We recognize that there was evidence that the ATVs were 280 to 300 feet away from Fletcher’s Jeep when Vawters and Davis braked and attempted to avoid an accident. Perhaps, assuming the accuracy of the distance, ACIA’s expert is correct that Vawters and Davis could have safely braked or slowed down upon seeing Fletcher’s Jeep in the street. But then it becomes an issue regarding how aggressively Vawters and Davis should have employed their braking systems—quick abrupt use of the brakes or a more controlled prolonged use of the brakes. Clearly, the path chosen by Vawters and Davis was such that they lost control of their ATVs, resulting in contact between their two vehicles. Taking into consideration Vawters’s statement, Bell’s deposition testimony, the speed of the ATVs, and the opinion of plaintiffs’ expert, we agree that reasonable minds could differ with respect to whether there was an actual need for Vawters and Davis to aggressively brake as they did.
Detroit Med Ctr is somewhat distinguishable because in that case there was no indication that the motor vehicle had crossed or was about to cross into the motorcyclist’s lane of travel; it appears that the motorcyclist was simply startled by the car’s headlights.

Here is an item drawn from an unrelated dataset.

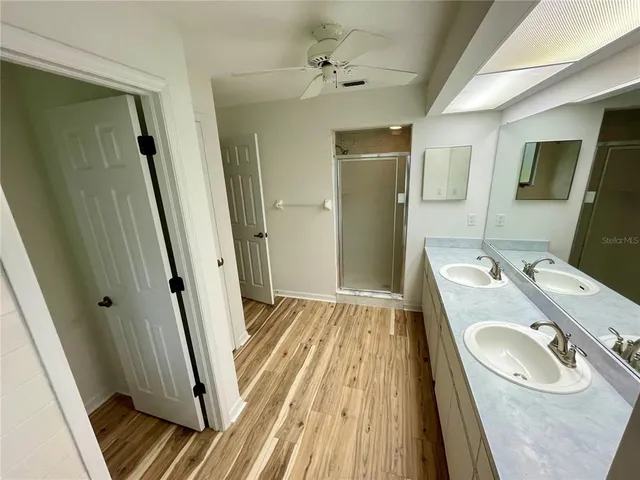 a bathroom with a sink a toilet a mirror and shower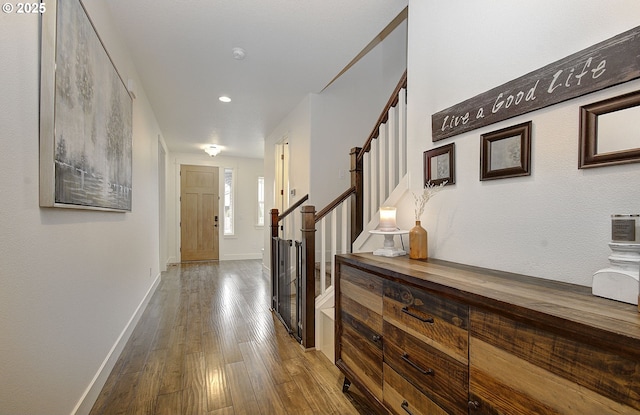 corridor featuring stairway, recessed lighting, baseboards, and wood finished floors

The Court found, as a matter of law, that the motorcyclist overreacted to the situation and that there was no actual need to take evasive action. Here, Fletcher’s vehicle was at least partly—perhaps entirely—in the roadway. Therefore, there was evidence that her vehicle was an actual obstruction that had to be avoided one way or the other. Viewing the evidence in a light most favorable to plaintiffs, as we must, we find that the facts in the instant case are more analogous to those in Bromley and Greater Flint HMO than to those in Detroit Med Ctr. In sum, there is a genuine issue of material fact regarding whether Fletcher’s vehicle was actively involved in the accident and whether there was an actual need for Vawters and Davis to respond as they did upon seeing Fletcher’s vehicle. Accordingly, the trial court did not err in denying ACIA’s motion for summary disposition.